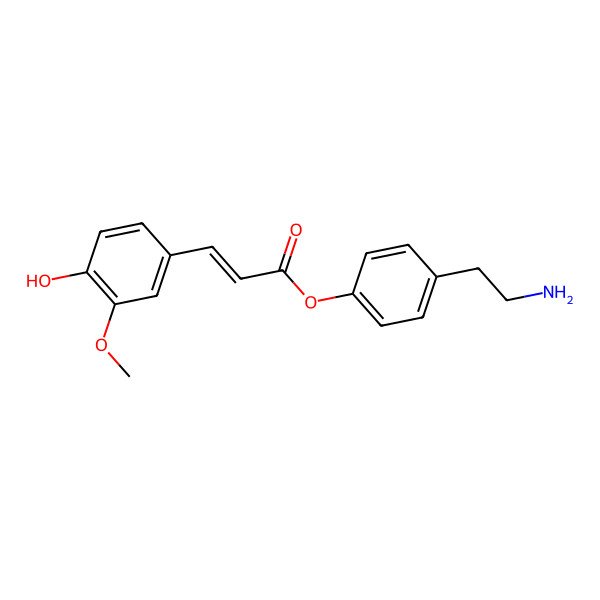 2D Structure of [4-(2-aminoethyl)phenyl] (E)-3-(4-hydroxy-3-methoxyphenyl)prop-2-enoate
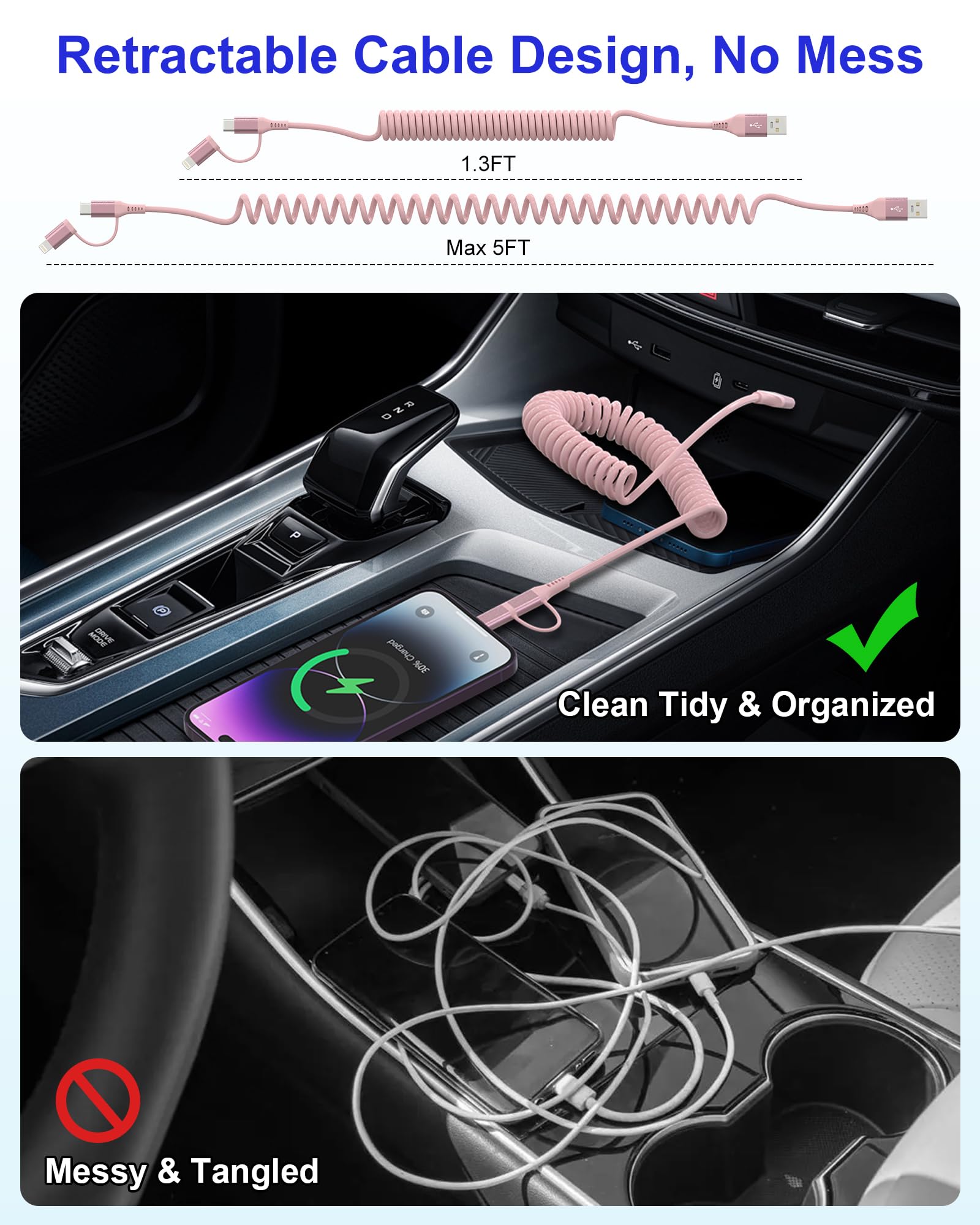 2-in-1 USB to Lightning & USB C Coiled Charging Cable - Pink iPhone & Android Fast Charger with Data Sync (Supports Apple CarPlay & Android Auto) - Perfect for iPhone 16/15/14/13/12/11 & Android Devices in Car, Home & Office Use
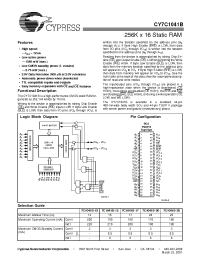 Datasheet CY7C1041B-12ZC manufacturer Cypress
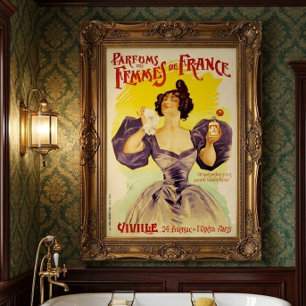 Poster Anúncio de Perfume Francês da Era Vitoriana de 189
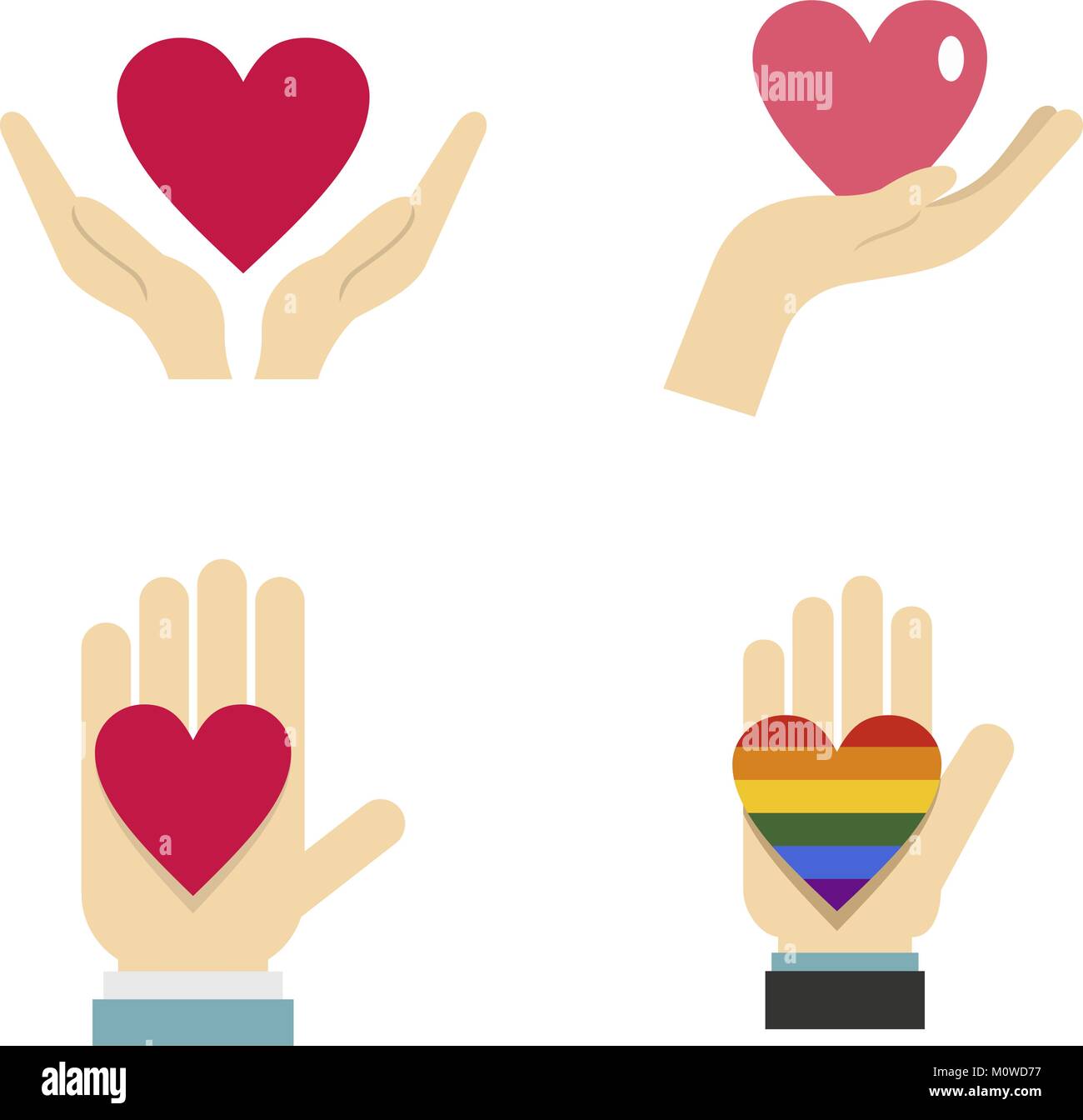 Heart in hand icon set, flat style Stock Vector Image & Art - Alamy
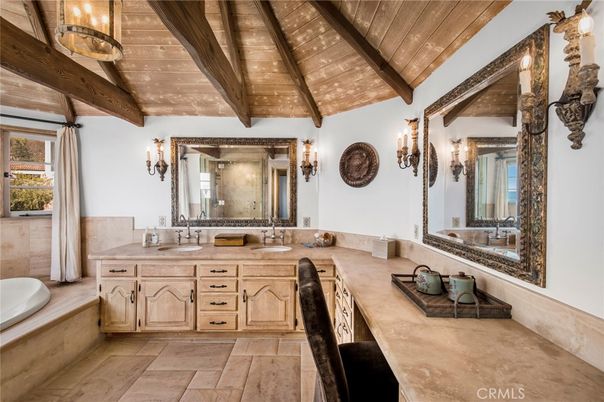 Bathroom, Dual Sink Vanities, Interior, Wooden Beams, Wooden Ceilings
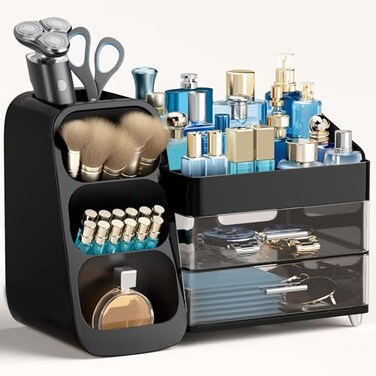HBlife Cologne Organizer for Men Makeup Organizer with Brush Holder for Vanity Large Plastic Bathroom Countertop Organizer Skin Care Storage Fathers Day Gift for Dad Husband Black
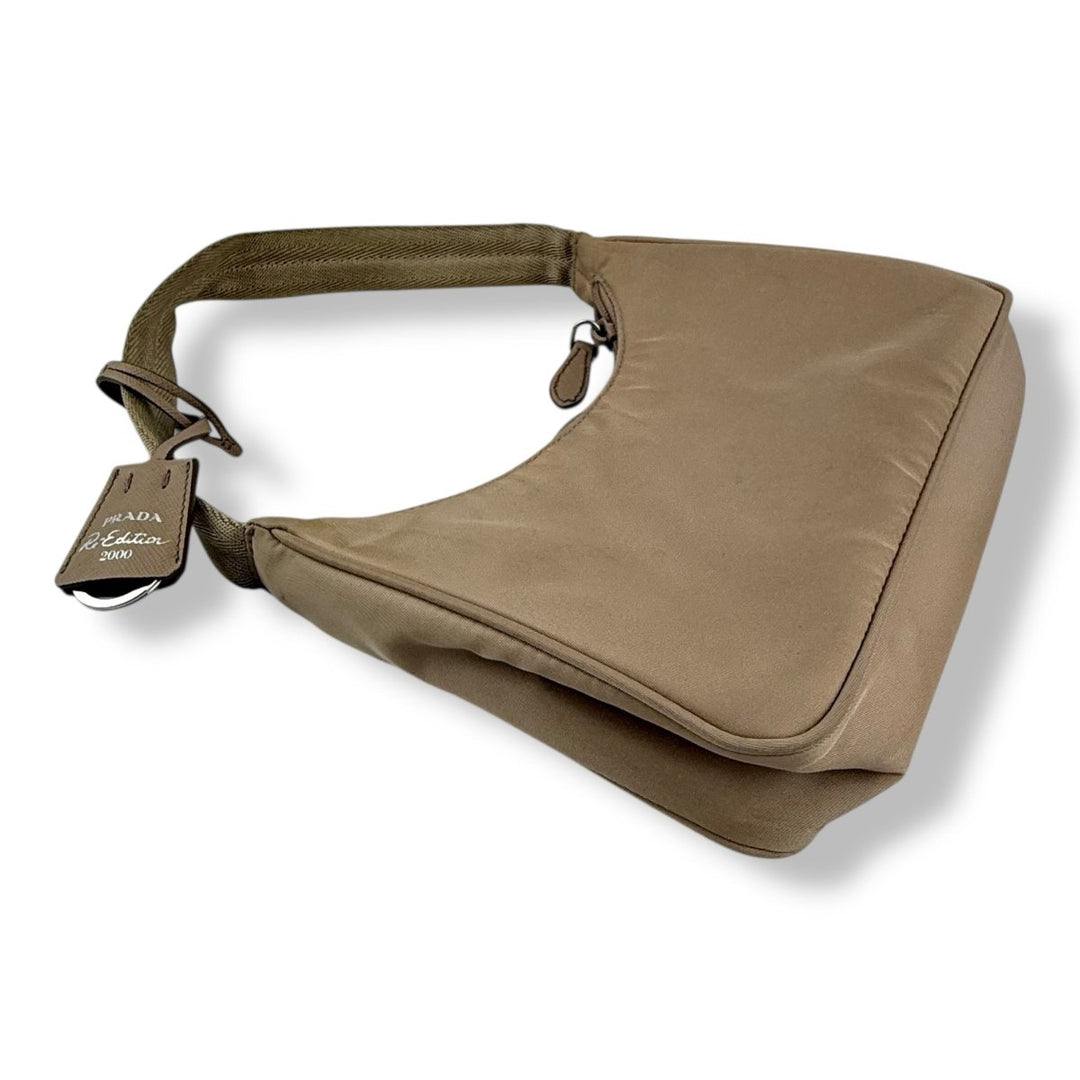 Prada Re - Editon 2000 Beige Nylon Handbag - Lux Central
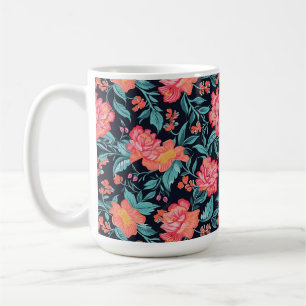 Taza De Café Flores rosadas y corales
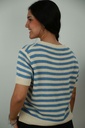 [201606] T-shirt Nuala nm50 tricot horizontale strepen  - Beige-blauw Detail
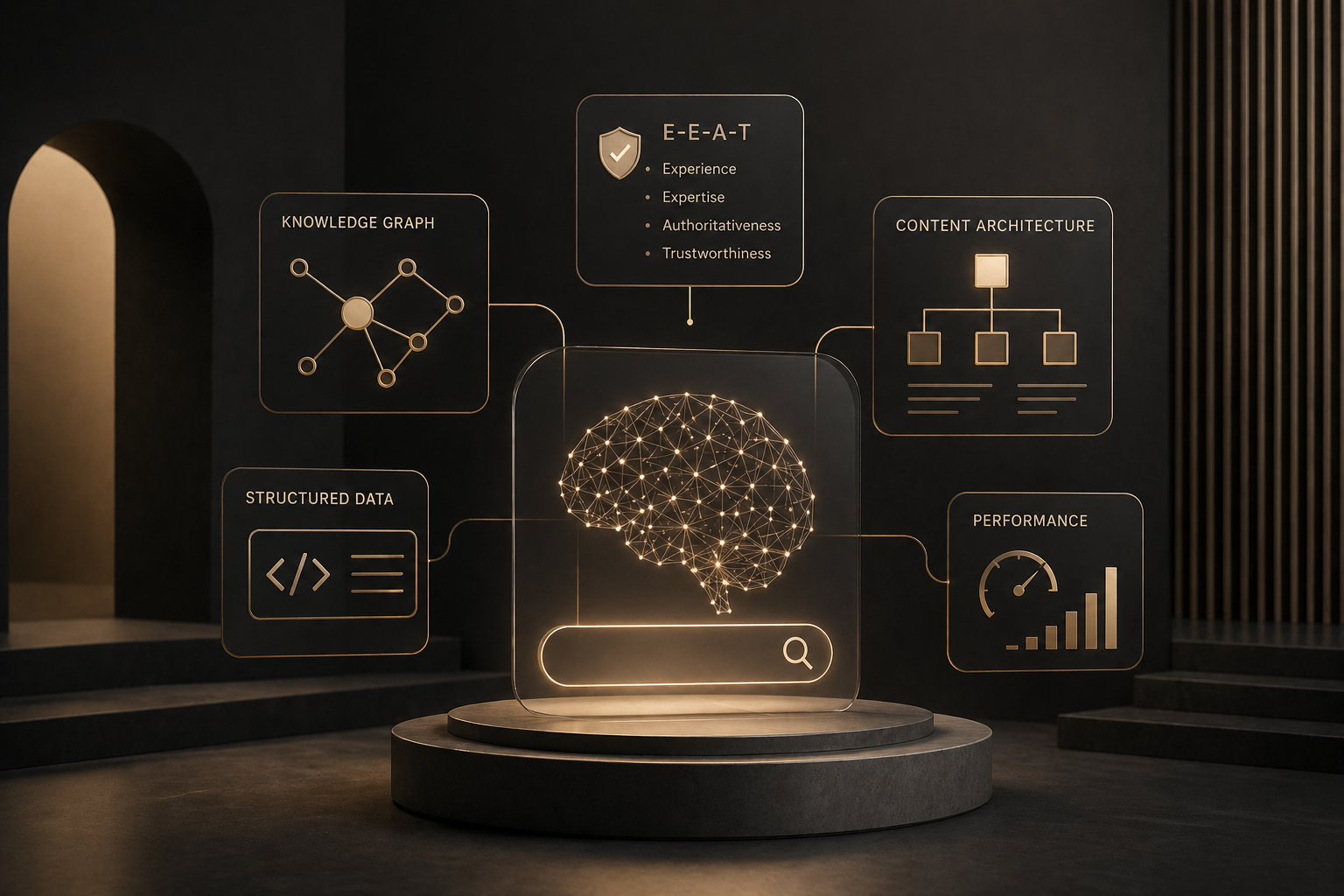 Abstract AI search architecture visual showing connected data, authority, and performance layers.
=======
**TASK**
The reply should hold only the lines from the first line of the records above through the line containing "Bathroom, Dual Sink", copied exactly and without pictures.

**RESPONSE AREA**
 2D Structure of [4-(2-aminoethyl)phenyl] (E)-3-(4-hydroxy-3-methoxyphenyl)prop-2-enoate
 2-in-1 USB to Lightning & USB C Coiled Charging Cable - Pink iPhone & Android Fast Charger with Data Sync (Supports Apple CarPlay & Android Auto) - Perfect for iPhone 16/15/14/13/12/11 & Android Devices in Car, Home & Office Use
 Datasheet CY7C1041B-12ZC manufacturer Cypress
 Poster Anúncio de Perfume Francês da Era Vitoriana de 189
 Heart in hand icon set, flat style Stock Vector Image & Art - Alamy
 Bathroom, Dual Sink Vanities, Interior, Wooden Beams, Wooden Ceilings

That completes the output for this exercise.